- Data for processing:
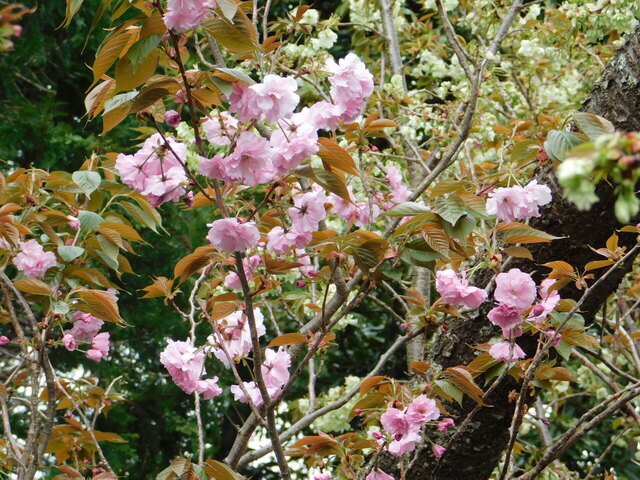 DSCN8275.JPG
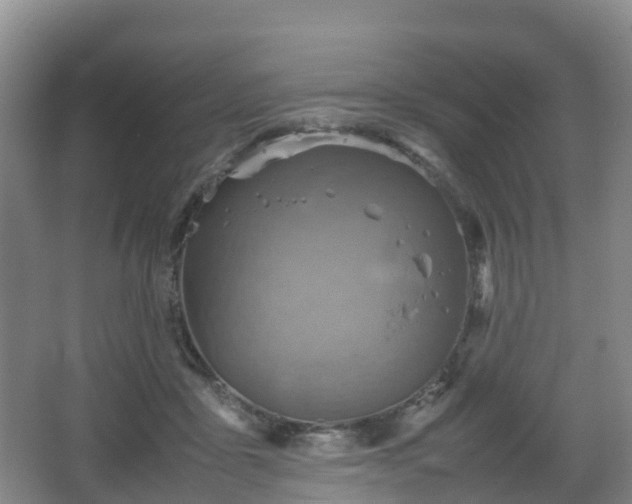 X0000067890411200604171342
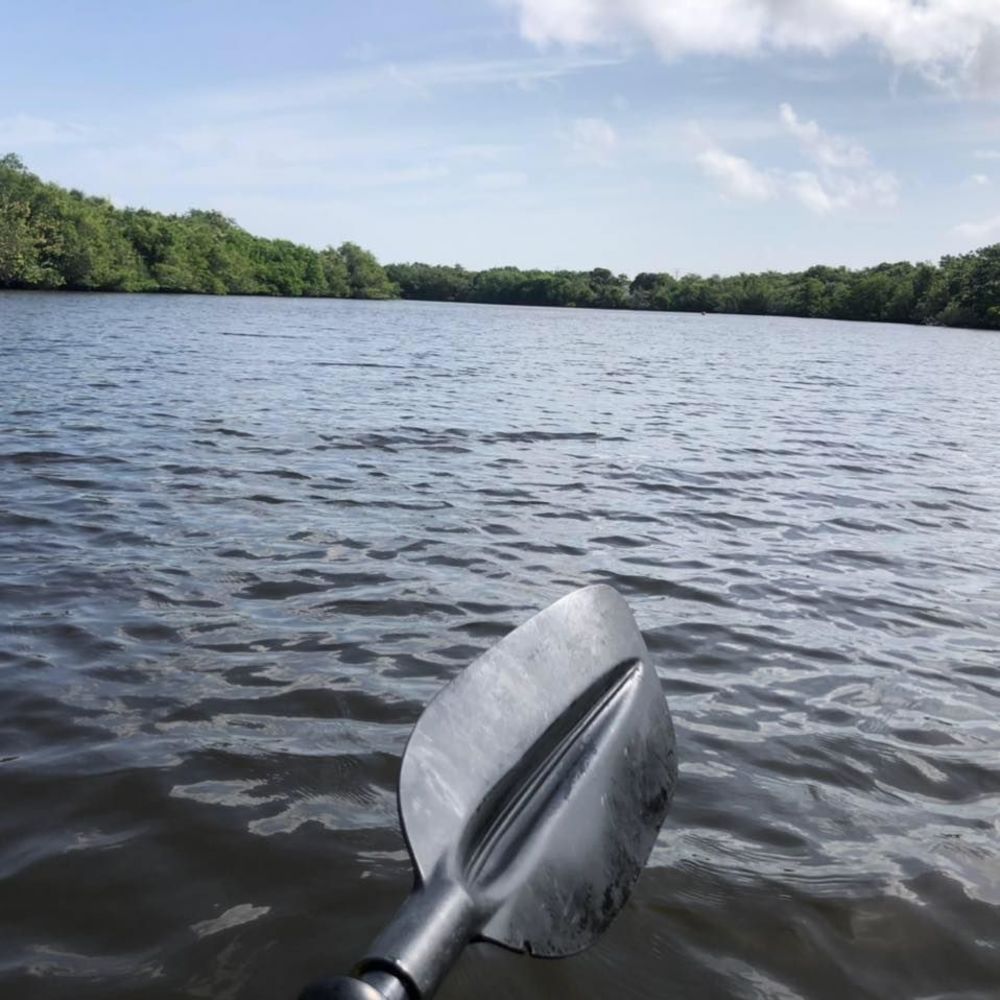 Meet your Posher, Holly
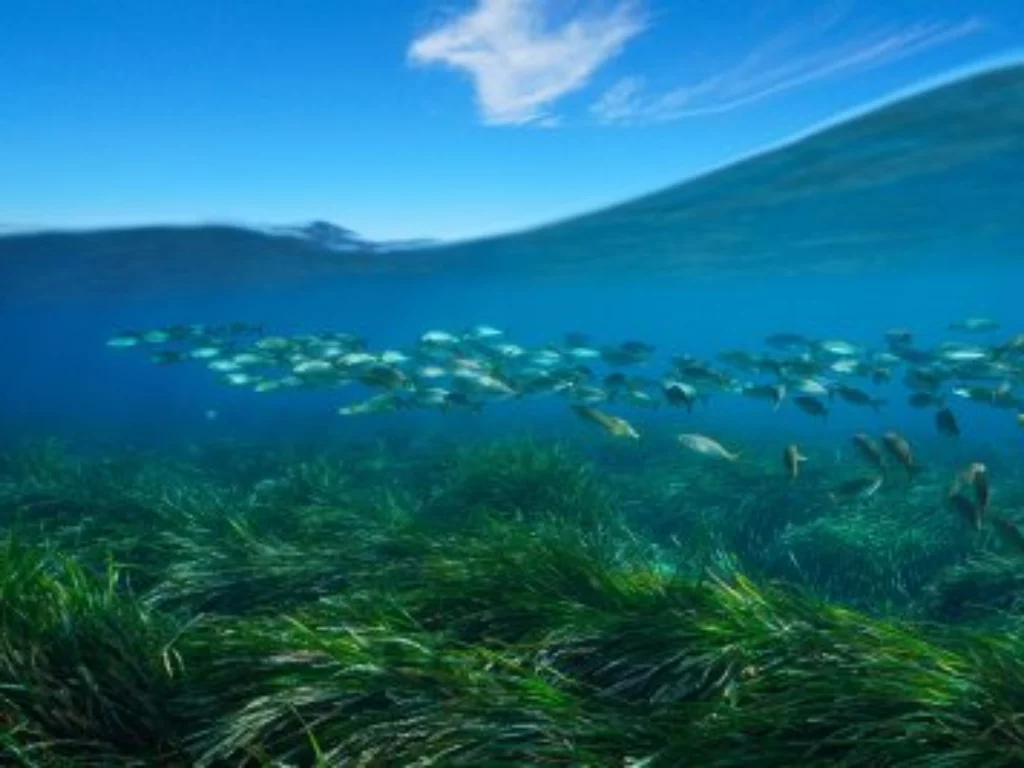 FPT Industrial supporta Blue Forest di One Ocean Foundation per ripristinare le praterie di Posidonia oceanica mediterranee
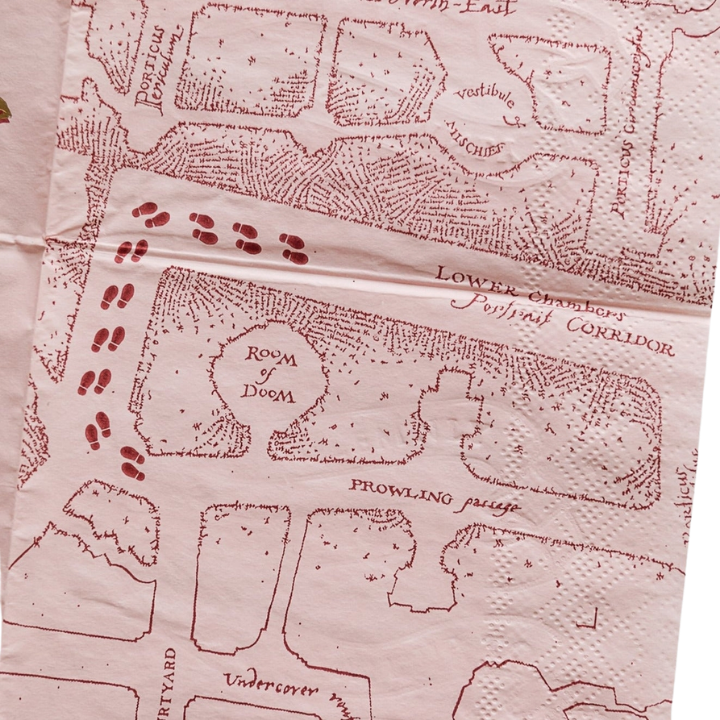 Multicolor napkin with vintage map and footprints magical birthday theme from Parte Haus party supply store in Bethesda MD
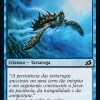 05d42cb7-c0ee-40ea-89c9-68aae5077216 Aegis Turtle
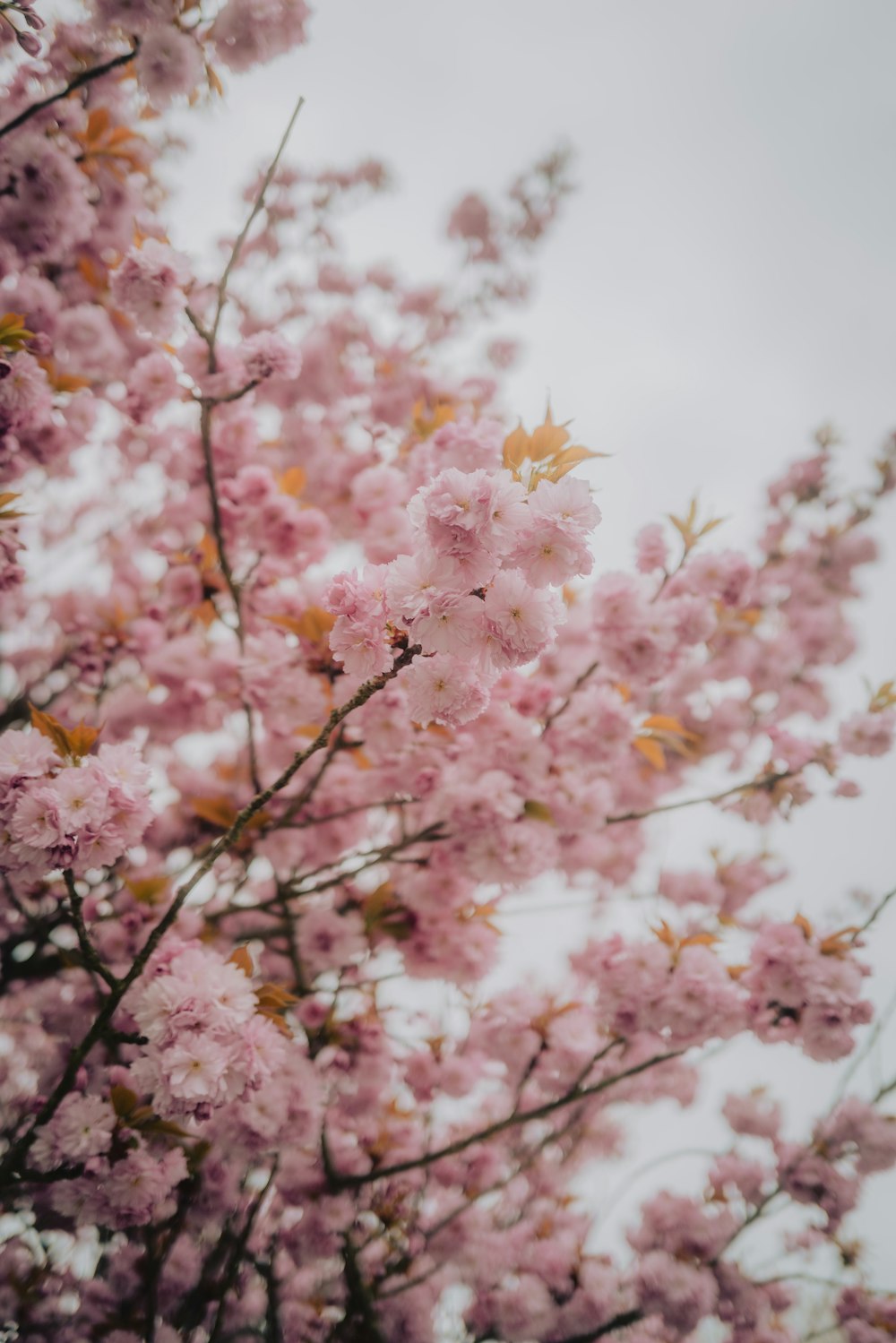 árvore de flor de cerejeira rosa e branca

- Work task:
Restate, word for word, all of the material above, leaving out the images.

- Response to this task:
 DSCN8275.JPG
 X0000067890411200604171342
 Meet your Posher, Holly
 FPT Industrial supporta Blue Forest di One Ocean Foundation per ripristinare le praterie di Posidonia oceanica mediterranee
 Multicolor napkin with vintage map and footprints magical birthday theme from Parte Haus party supply store in Bethesda MD
 05d42cb7-c0ee-40ea-89c9-68aae5077216 Aegis Turtle
 árvore de flor de cerejeira rosa e branca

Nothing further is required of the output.